Modularized Cross-embodiment Transformer (MXT)
- The paper introduces MXT as an embodiment-aware transformer that explicitly encodes robot morphology via kinematic tokenization, topology-aware attention, and FiLM-based joint conditioning.
- MXT improves cross-robot policy learning by delivering 2–3× higher success rates over vanilla VLA transformer approaches across single- and multi-embodiment scenarios.
- The architecture modularly retains standard vision and language encoders while adding specialized modules to enable scalable, morphology-driven policy transfer.
The Modularized Cross-embodiment Transformer (MXT) is an embodiment-aware transformer-based policy architecture for cross-robot policy learning, designed to address the inherent limitations of traditional vision-language-action (VLA) transformer models in generalizing across heterogeneous robot embodiments. By explicitly integrating robot morphology within the action-policy module, MXT enables robust policy transfer across disparate robotic platforms, achieving significant empirical improvements over vanilla approaches in both single- and multi-embodiment settings (Suzuki et al., 26 Feb 2026).
1. High-Level Architectural Framework
MXT retains the core structure of a standard VLA policy, specifically the π₀.₅ model, which utilizes separate image and language-prompt encoders to produce sequential “context” tokens.
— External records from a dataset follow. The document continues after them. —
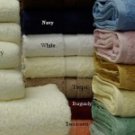 RT™ 6-Pc Solid combed Towel Set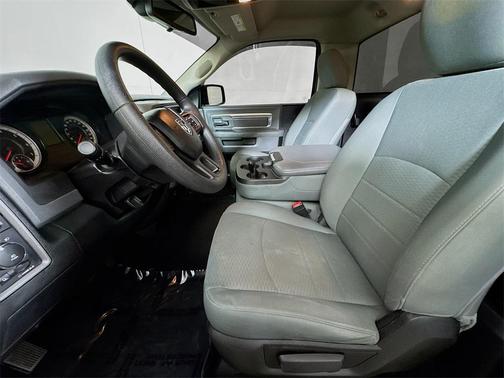 2016 RAM 1500 Tradesman/Express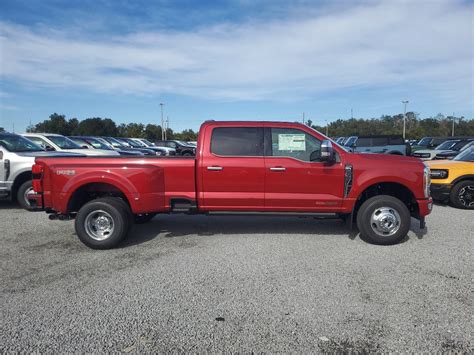 Ford F 350 Super Duty 2024 Aidan Zorine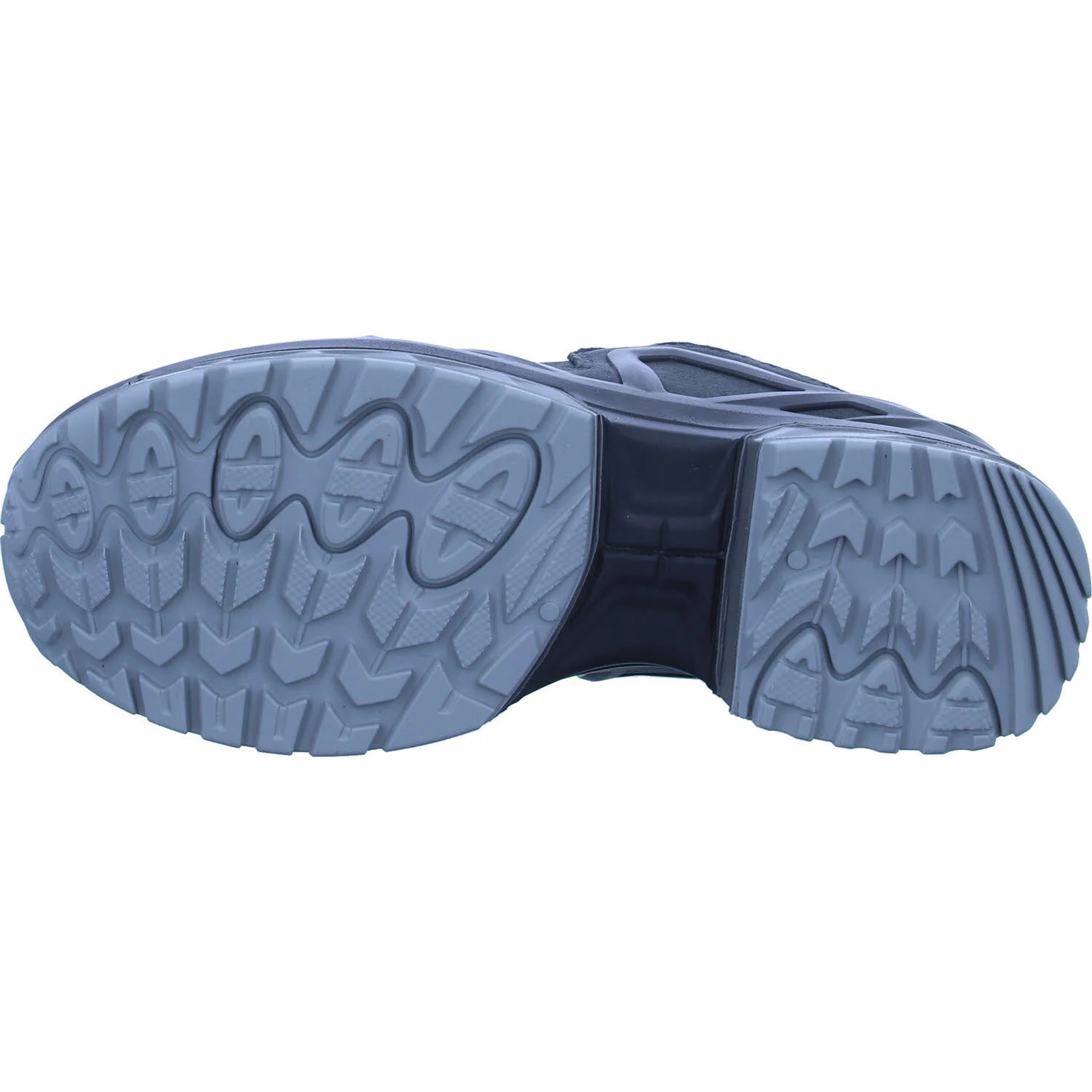 Element 5 von 7 (Bild) – Lowa Herren Schnürschuhe 311578/0927 GORGON GTX graphit normal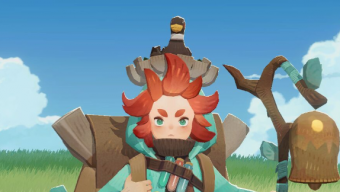 《剑与远征：启程》耀光帝国罗万介绍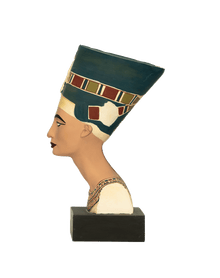 Bust of Nefertiti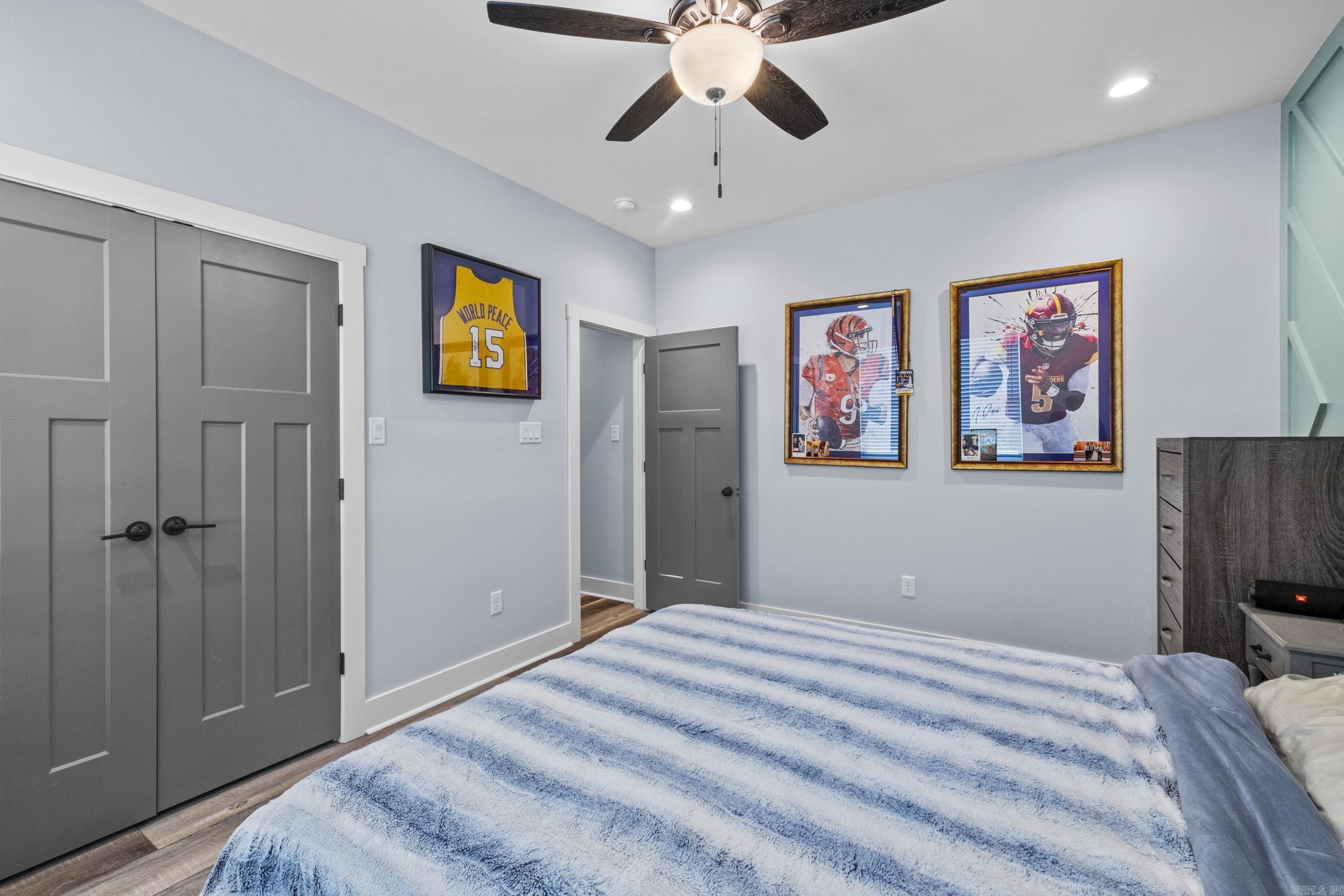 Mountain Ranch Estates - Residential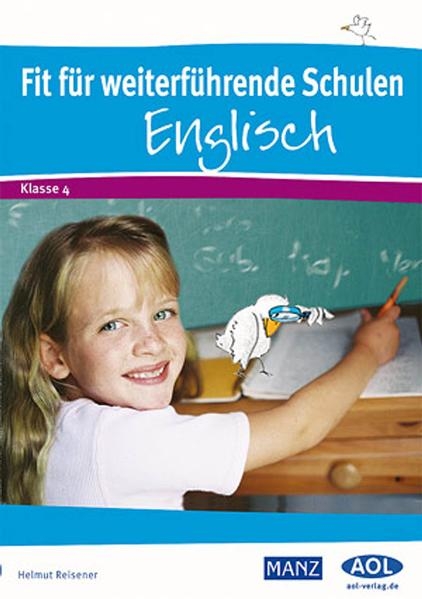 Fit f&uuml;r weiterf&uuml;hrende Schulen: Englisch - Helmut Reisener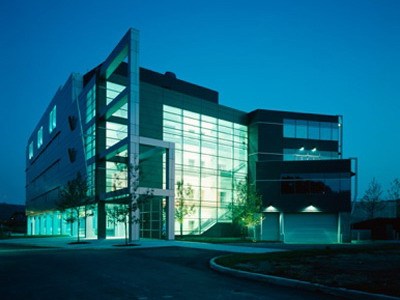 美国生物工艺创新中心资料下载-生物技术中心（Biotechnology Center）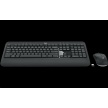 Logitech Wireless Desktop MK540, CZ/SK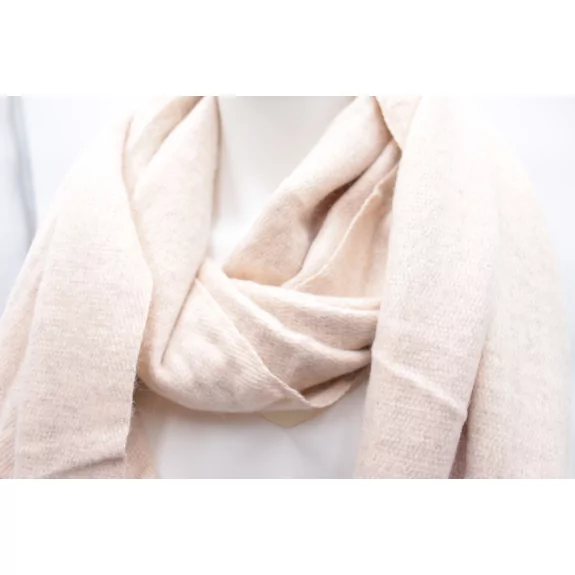 Echarpe haut de gamme en laine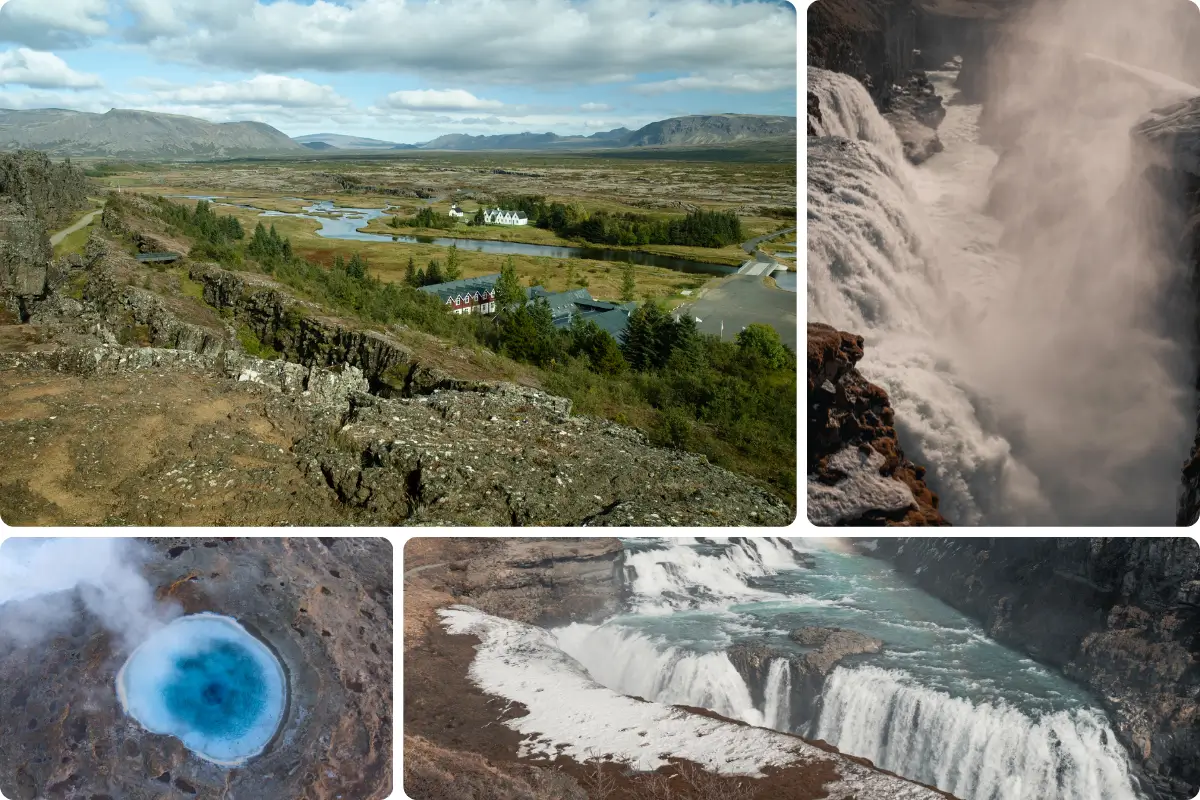 Sightseeing & Adventure Tips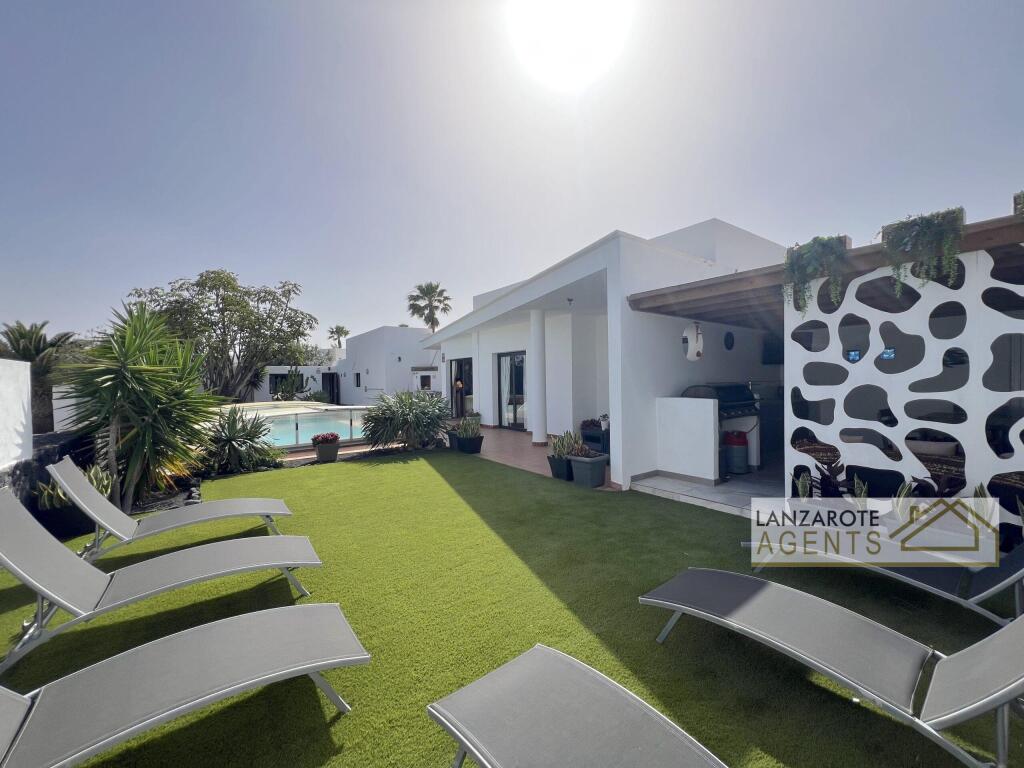 Main image of property: Canary Islands, Lanzarote, Playa Blanca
An autoregressive, diffusion-based action expert further generates a sequence of future joint-space commands.
MXT departs from baseline approaches by explicitly introducing robot morphology at the action-policy level via three specialized modules:
- Kinematic Tokens (KT): Factorize and compress the joint-action space into per-joint, temporally chunked tokens.
- Topology-Aware Attention Bias: Incorporate robot kinematic topology as an inductive bias in joint-related self-attention blocks.
- Joint-Attribute Conditioning (FiLM): Modulate joint token embeddings with affine transforms parameterized by each joint’s local physical descriptors.
Critically, all cross-modal attention mechanisms between vision, language, and action in the VLA backbone are preserved; morphology-specific customization is restricted to the joint-to-joint attention sub-block.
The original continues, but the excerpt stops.